For now, those nearing or experiencing end-of-life (EOL) in the United States currently have a tragically limited number of options with which to address the debilitating death anxiety and depression that can come during this ultimate transition. As new and exciting research emerges, leaders in the EOL care community have come to understand that psilocybin-assisted therapy, due to its startling ability to dramatically reduce death-related anxiety and depression in patients after a single dose, has the potential to become the standard of care for those facing end-of-life.

Psilocybin As Sacred Medicine

The concept of psilocybin as a therapeutic tool is not new. In fact, its spiritual and medicinal use predates recorded history. Used in ceremony and healing rituals since at least 3000 BC, this ancient medicine was considered sacred by pre-Columbian Mesoamerican cultures – the Aztec people gave it the name teonanacatl, meaning ‘flesh of the gods.’ In a review titled “Hallucinogenic drugs in pre-Columbian Mesoamerican cultures,” researcher F.J. Carod-Artal (2014) states, “archaeological evidence points to mushroom use in Mexico, Guatemala, Honduras, and El Salvador, where the ‘mushroom stones’ carved to represent hallucinogenic mushrooms have been found” (para. 17).
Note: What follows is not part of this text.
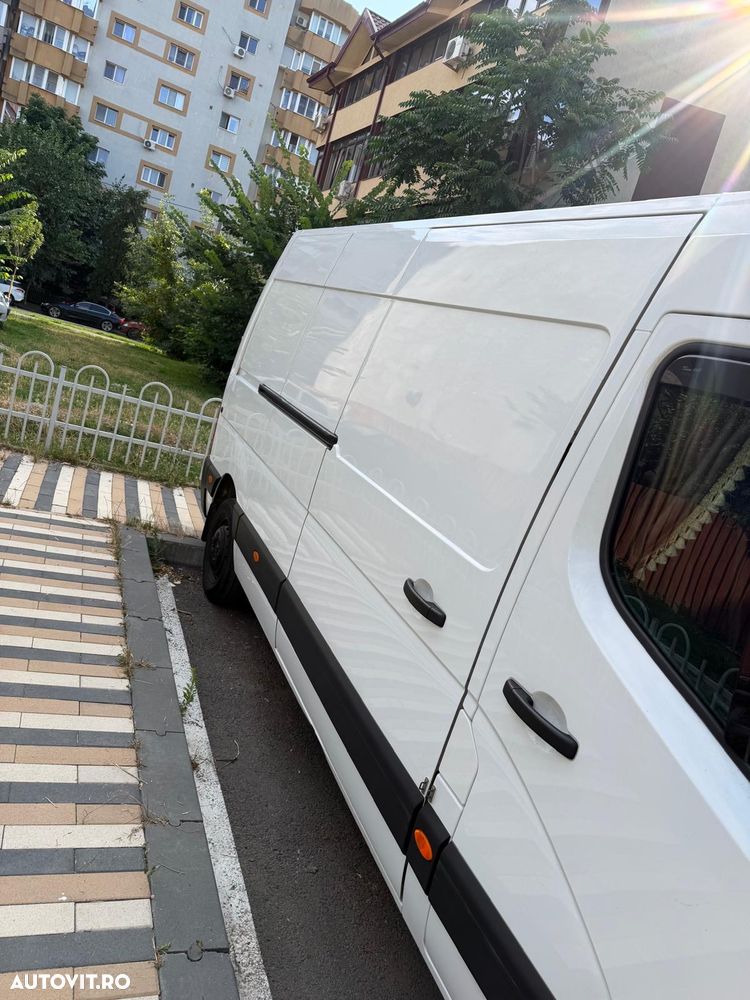 Renault Master 2.3 Blue 135 TT Furgon CD 3,5t L3H2 9 m3 - 12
The use of entheogenic mushrooms in indigenous American sacred practices were recorded in the 16th century by religious and colonial invaders. A Franciscan missionary, fray Bernardino de Sahagún, reported in one of his numerous books documenting the Aztec people, that teonanacatl was “used as medicine for fever and gout” (Carod-Artal, 2015, para. 18). There is also evidence to suggest that psilocybin mushrooms have been at the center of many spiritual and medicinal ritualistic practices across the world for thousands of years.

The deeply intertwined natural and ancient history of psilocybin-containing mushrooms is just the beginning of this intriguing story, however. The drug’s initial introduction to the world of western medicine is perhaps the most important piece of the puzzle in understanding how this unlikely breakthrough therapeutic has reached the crossroads at which it currently stands. It began in 1955, when Gordon and Valentina Wasson traveled to the city of Huautla de Jimenez, in the state of Oaxaca in southern Mexico, to participate in a traditional sacred mushroom ceremony with the Mazatec people. This would lead them to publish detailed accounts of their experiences with psychedelic mushrooms – reporting intense visions, the fracturing of their own identity, and communications with ‘God’ – in a 1957 issue of Life Magazine, under the title, “Seeking the Magic Mushroom” (Wasson, 1957). 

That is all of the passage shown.